Other areas CMS would need to examine to make Medicare telehealth expansions permanent included patient safety and clinical appropriateness, as well as healthcare fraud and Medicare program integrity.

“We are monitoring program integrity implications such as practitioners who may be offering shorter telehealth visits with patients to maximize payment, or billing more visits than are possible in a day,” Verma wrote. “We know the path forward to expanding telehealth relies on CMS addressing the potential for fraud and abuse in telehealth, as we do with all services.”

Telehealth has been central to COVID-19 response strategies. Through telehealth and telephonic care, providers have been able to keep seeing patients without exposing them or their staff to the highly contagious novel coronavirus.

Virtual care has also been key to ensuring patient and provider safety within the hospital. With the use of smartphones, tablets, and other mobile technology, hospitals have been able to minimize contact with infected patients while still putting providers and family at patient bedsides.

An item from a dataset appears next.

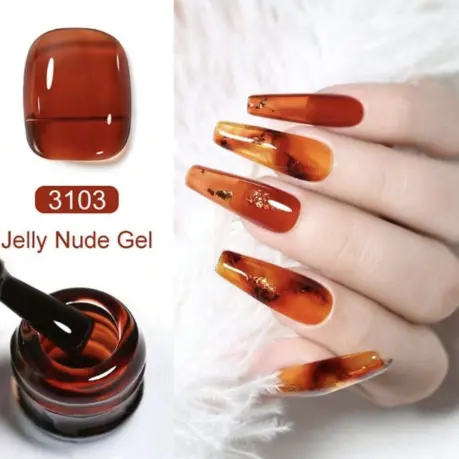 Geles Jelly vitrales(3pz de 15ml) — imagen 3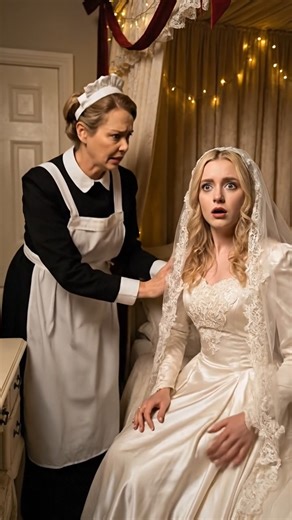 On My Wedding Night, the Longtime Housemaid Suddenly Knocked Gently on My Door, Whispering: “If You Want to Stay Safe, Change Clothes and Escape Through the Back Door Immediately, Before It’s Too Late.” The Next Morning, I Fell to My Knees, Tearfully Thanking the Person Who Rescued Me The wedding night is supposed to be the happiest moment of a woman’s life. I sat in front of the vanity, lipstick still fresh, listening as the music and laughter outside slowly faded. My husband’s family had all g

Temporary payment flexibilities enabled providers to leverage telehealth services seemingly with a flip of a switch.

Early on during the pandemic, Medicare implemented a wide range of payment flexibilities to activate greater telehealth utilization. The flexibilities included temporarily expanding the scope of Medicare telehealth to allow more beneficiaries to benefit from virtual care services and the scope of providers eligible to bill for telehealth services.

CMS also added 135 allowable services, more than doubling the number of services that providers could bill via telehealth. The services included telephonic care for beneficiaries with limited access to video capabilities.

Telehealth utilization among Medicare beneficiaries surged during the pandemic, Verma reported in the blog post. Over 9 million beneficiaries received a telehealth service during the public health emergency between mid-March through mid-June, according to Medicare fee-for-service claims data.

That number could grow, Verma warned, since providers have 12 months after they furnish a service to submit claims to CMS.

Telehealth utilization has similarly skyrocketed among the privately insured as private payers implemented similar telehealth expansions.

A recent analysis by FAIR Health found that telehealth claim lines increased by 8,336 percent between April 2019 to April 2020, and the presence of telehealth claim lines nearly doubled the 4,347 percent increase observed from March 2019 to March 2020. The analysis represented the privately insured population and excluded Medicare and Medicaid claims.

In light of such significant uptake of telehealth services, CMS will consider making some temporary Medicare telehealth expansions permanent to foster innovation while also ensuring “goal standard, in-person care.”

“During these unprecedented times, telemedicine has proven to be a lifeline for health care providers and patients,” Verma concluded. “The rapid adoption of telemedicine among providers and patients has shown that telehealth is here to stay. CMS remains committed to ensuring that the government supports innovation in telehealth that leverages modern technology to enhance patient experience, providing more accessible care.”